Pfizer Inc. and German partner BioNTech SE said Wednesday their vaccine proved 95% effective in a late-stage trial. The company said it would seek approval from the Food and Drug Administration this month. Additionally, Moderna Inc. said Monday early test results showed its vaccine to be highly effective in protecting people from the virus.
Federal officials anticipate the United States and other countries could begin inoculating people late this year or early 2021, but they have cautioned it will take several months to vaccinate enough people to end the pandemic and that the winter could present a difficult struggle.
The United States reported more than 160,000 new cases on Tuesday, according to a Johns Hopkins University tally. The daily total has exceeded 100,000 since Nov. 3, and the surge in cases this month is greater than any before it.
EIA said U.S. crude oil production for the week ended Nov. 13 averaged 10.9 million b/d, up 400,000 b/d week/week but down 1.9 million b/d from a year earlier and well below the 2020 peak of 13.1 million b/d reached in the second week of March.
Total petroleum inventories — excluding the Strategic Petroleum Reserve — decreased 10.2 million bbl week/week but remained 7% above year-earlier levels, according to EIA.
Earlier this month, the International Energy Agency (IEA) lowered its 2020 global oil demand forecast, citing the intensifying effects of the pandemic.
The Paris-based agency dropped its 2020 forecast by 400,000 b/d and said it expects an annual contraction of 8.8 million b/d. IEA estimated global oil demand to average 91.3 million b/d for the year.
For 2021, the agency predicted demand would increase by 5.8 million b/d, an upward revision of 300,000 b/d from its forecast released in October.
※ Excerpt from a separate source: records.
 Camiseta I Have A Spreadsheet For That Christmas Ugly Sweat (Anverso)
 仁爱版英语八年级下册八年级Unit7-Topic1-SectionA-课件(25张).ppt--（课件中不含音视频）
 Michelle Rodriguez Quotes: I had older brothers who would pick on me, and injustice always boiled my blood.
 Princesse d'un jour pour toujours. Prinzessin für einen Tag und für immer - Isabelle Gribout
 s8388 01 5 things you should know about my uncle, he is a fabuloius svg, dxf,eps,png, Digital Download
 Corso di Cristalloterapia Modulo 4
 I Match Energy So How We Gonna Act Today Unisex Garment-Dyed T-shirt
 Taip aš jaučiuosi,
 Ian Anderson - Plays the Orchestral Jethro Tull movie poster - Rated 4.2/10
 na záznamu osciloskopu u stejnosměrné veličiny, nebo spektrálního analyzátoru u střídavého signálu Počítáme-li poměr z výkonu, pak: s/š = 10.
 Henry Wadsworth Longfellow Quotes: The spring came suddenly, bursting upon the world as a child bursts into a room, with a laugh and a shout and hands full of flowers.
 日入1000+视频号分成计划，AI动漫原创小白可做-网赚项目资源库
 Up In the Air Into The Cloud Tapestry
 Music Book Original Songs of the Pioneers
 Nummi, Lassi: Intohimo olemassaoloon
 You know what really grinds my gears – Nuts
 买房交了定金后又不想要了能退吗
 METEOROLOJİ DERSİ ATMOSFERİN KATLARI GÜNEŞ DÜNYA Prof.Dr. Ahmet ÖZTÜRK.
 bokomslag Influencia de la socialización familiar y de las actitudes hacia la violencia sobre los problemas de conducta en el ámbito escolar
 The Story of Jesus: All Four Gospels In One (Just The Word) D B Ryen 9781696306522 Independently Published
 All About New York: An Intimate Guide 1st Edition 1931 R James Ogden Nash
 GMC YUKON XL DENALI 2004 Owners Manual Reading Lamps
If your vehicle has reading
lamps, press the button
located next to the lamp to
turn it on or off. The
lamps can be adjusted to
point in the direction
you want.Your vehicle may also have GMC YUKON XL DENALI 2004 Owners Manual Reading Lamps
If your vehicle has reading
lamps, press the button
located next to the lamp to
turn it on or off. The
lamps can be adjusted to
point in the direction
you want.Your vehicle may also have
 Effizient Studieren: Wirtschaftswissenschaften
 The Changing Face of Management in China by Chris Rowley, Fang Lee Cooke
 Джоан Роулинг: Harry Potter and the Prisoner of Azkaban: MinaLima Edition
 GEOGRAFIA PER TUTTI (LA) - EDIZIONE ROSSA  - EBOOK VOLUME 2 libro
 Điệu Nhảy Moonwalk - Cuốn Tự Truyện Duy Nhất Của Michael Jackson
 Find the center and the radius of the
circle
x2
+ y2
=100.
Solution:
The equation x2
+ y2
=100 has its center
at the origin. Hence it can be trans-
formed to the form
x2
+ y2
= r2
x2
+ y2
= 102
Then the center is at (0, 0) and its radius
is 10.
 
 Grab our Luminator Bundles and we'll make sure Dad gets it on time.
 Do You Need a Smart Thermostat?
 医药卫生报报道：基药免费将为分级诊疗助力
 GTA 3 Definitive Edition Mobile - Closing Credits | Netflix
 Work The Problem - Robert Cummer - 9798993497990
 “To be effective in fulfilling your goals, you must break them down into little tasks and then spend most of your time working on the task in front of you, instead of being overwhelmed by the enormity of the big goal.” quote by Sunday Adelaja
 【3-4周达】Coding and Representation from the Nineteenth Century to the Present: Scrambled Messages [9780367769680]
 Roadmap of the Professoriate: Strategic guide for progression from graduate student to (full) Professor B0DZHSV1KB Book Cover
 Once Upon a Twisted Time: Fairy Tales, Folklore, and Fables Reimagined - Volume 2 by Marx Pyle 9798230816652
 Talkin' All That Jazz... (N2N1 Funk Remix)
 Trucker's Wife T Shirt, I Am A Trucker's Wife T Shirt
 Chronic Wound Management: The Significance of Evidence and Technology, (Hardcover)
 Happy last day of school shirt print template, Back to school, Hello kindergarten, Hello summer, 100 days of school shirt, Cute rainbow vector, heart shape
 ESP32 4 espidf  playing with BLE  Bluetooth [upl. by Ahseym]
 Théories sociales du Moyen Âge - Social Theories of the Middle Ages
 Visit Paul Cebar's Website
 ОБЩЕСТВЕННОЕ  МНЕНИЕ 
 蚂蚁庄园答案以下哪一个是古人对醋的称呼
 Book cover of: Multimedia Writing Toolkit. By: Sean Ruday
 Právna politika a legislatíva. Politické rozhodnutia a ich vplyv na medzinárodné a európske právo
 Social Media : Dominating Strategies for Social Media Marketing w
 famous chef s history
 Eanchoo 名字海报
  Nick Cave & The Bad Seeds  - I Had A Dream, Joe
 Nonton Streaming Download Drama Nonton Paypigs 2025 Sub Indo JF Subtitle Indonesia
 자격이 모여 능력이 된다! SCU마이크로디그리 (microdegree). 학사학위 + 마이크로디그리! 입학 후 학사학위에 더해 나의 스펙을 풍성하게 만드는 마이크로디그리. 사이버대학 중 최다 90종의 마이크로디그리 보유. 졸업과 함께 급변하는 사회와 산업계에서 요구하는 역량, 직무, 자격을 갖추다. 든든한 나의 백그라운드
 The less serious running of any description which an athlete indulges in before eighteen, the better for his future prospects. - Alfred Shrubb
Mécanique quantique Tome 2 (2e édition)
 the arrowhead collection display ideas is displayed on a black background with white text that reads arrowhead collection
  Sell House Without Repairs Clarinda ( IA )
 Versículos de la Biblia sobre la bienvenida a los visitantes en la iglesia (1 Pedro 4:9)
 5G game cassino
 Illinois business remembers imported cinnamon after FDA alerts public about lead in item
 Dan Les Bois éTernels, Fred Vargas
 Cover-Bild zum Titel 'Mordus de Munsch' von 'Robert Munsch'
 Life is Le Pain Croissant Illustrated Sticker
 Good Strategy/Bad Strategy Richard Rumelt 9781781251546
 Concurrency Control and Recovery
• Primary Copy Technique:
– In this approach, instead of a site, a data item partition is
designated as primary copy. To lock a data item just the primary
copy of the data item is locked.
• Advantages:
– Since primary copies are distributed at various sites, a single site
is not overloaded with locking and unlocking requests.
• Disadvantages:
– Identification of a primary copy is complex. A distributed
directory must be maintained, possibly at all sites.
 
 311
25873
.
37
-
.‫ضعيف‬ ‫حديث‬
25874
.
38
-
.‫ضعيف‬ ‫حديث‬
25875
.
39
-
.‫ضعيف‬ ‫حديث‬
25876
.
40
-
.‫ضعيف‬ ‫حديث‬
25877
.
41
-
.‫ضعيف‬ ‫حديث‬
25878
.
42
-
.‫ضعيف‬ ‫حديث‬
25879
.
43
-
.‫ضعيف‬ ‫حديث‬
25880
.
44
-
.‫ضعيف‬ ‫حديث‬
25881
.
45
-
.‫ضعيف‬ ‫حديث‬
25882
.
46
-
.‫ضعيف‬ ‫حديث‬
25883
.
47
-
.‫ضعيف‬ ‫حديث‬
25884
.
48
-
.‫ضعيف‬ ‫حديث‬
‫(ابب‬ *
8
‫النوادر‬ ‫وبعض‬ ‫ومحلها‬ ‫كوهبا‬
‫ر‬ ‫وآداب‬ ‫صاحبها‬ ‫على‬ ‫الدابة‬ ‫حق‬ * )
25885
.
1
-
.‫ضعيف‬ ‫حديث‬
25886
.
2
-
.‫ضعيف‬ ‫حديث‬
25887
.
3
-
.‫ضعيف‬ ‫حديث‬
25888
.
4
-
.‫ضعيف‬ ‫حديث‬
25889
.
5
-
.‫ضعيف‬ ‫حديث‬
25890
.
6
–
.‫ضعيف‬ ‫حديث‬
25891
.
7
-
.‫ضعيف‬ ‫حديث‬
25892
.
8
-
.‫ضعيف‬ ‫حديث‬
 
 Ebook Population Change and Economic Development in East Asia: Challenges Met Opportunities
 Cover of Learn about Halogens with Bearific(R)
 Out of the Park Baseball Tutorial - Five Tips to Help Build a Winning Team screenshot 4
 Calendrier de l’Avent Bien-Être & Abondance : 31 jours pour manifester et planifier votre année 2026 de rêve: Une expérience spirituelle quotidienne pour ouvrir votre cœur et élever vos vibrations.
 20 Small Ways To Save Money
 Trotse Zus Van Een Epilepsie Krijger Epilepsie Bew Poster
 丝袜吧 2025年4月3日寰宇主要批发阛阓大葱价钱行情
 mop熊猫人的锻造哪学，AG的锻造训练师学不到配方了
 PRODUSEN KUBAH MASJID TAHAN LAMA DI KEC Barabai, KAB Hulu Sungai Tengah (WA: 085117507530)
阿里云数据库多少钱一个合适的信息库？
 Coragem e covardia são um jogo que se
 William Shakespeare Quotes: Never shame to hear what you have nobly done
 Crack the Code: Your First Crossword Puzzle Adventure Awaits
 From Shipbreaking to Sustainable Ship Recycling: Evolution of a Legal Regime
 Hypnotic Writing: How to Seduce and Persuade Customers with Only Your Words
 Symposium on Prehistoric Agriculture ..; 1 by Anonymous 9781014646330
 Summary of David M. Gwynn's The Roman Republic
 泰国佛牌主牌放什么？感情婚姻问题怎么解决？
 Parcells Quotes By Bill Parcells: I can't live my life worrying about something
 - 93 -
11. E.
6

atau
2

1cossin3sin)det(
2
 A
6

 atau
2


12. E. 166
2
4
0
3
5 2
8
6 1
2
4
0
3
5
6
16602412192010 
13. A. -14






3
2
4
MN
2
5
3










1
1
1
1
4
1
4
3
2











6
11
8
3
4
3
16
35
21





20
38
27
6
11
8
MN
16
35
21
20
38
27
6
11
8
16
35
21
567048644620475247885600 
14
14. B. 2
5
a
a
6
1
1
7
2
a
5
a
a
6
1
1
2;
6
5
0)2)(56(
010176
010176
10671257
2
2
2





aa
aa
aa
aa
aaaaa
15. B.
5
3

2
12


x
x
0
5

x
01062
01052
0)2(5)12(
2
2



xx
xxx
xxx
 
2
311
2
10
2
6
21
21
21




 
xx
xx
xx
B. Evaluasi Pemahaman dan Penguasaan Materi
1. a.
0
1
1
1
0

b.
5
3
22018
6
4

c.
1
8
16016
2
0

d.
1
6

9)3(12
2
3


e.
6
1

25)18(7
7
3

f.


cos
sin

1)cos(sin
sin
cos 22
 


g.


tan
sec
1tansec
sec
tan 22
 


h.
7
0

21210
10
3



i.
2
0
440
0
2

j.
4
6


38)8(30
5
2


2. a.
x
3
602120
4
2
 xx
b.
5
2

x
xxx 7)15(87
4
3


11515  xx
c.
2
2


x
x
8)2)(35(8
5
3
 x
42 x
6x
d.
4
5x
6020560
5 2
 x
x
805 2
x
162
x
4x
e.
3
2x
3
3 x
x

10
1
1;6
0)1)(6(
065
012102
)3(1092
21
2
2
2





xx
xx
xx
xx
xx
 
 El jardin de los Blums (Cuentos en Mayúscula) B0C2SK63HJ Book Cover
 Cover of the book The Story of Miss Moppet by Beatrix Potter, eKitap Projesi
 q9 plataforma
The Organization of the Petroleum Exporting Countries (OPEC) also this month scaled back its 2020 forecasts. It now expects full-year 2020 global oil demand to fall by 9.8 million b/d from a year earlier. That marked a downward revision of 300,000 b/d from its report released in October.
For 2021, the group estimated that demand would recover, expanding 6.2 million b/d, though that outlook also reflected a 300,000 b/d drop from OPEC’s previous forecast.
Both groups said virus outbreaks in recent weeks across Europe and the United States that are necessitating new restrictions on activity are likely to curb oil demand this winter.